● WHAT THE EXERCISE ASKS
The listing below holds a line with "Anello acciaio titanio uomo" and a line with "Team Kindergarten Unicorn". Reproduce those two lines exactly, plus everything between them.

:: DATA FOR THIS TASK

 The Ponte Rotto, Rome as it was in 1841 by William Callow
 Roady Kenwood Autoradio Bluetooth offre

::::
:: DATA FOR THIS TASK

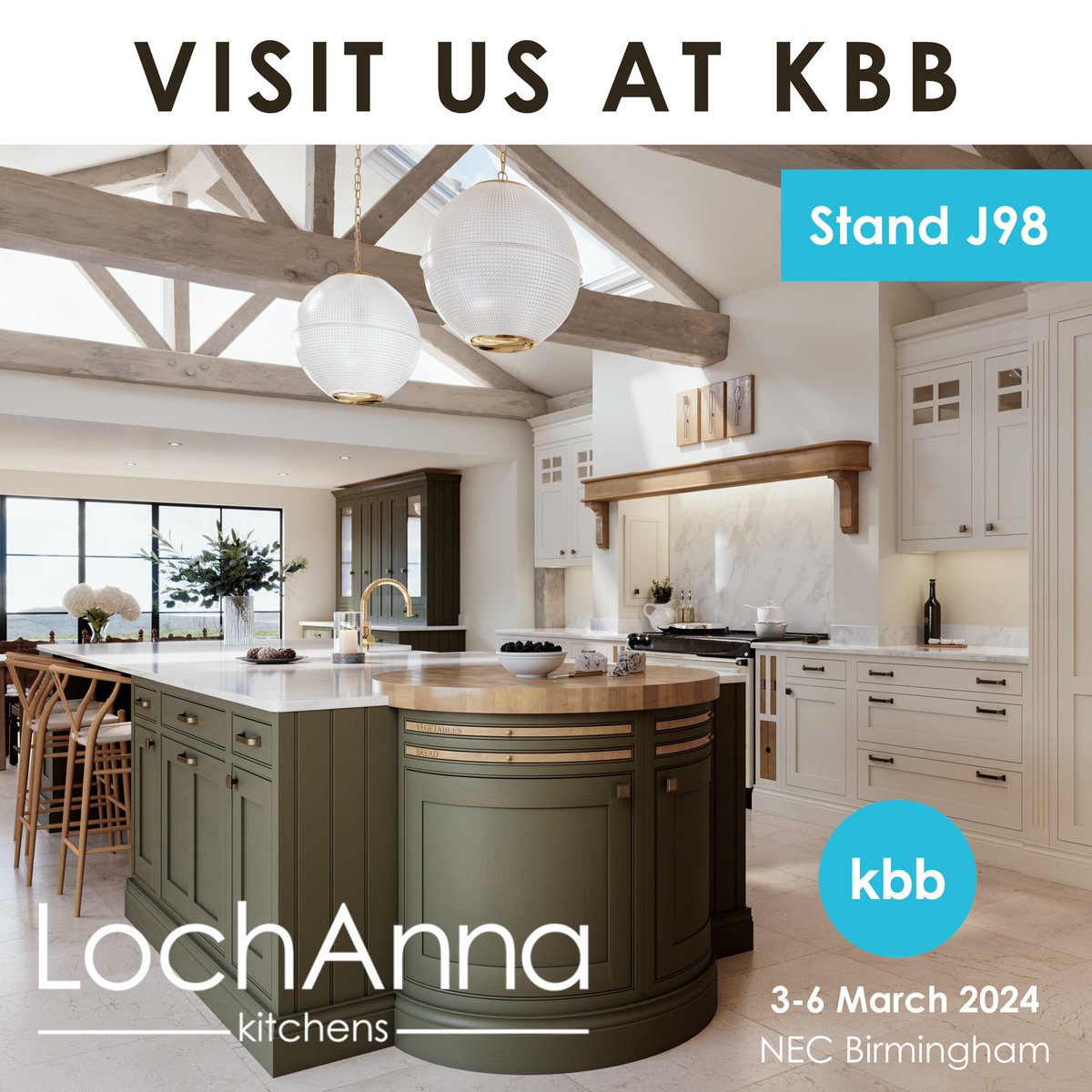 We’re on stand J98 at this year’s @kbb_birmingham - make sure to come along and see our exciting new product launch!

::::
:: DATA FOR THIS TASK

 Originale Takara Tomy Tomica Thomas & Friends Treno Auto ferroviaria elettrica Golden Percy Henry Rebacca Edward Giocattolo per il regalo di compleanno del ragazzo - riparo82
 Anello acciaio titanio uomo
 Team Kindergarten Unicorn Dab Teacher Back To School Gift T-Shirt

::::

● ANSWER FOR THE TASK
 Anello acciaio titanio uomo
 Team Kindergarten Unicorn Dab Teacher Back To School Gift T-Shirt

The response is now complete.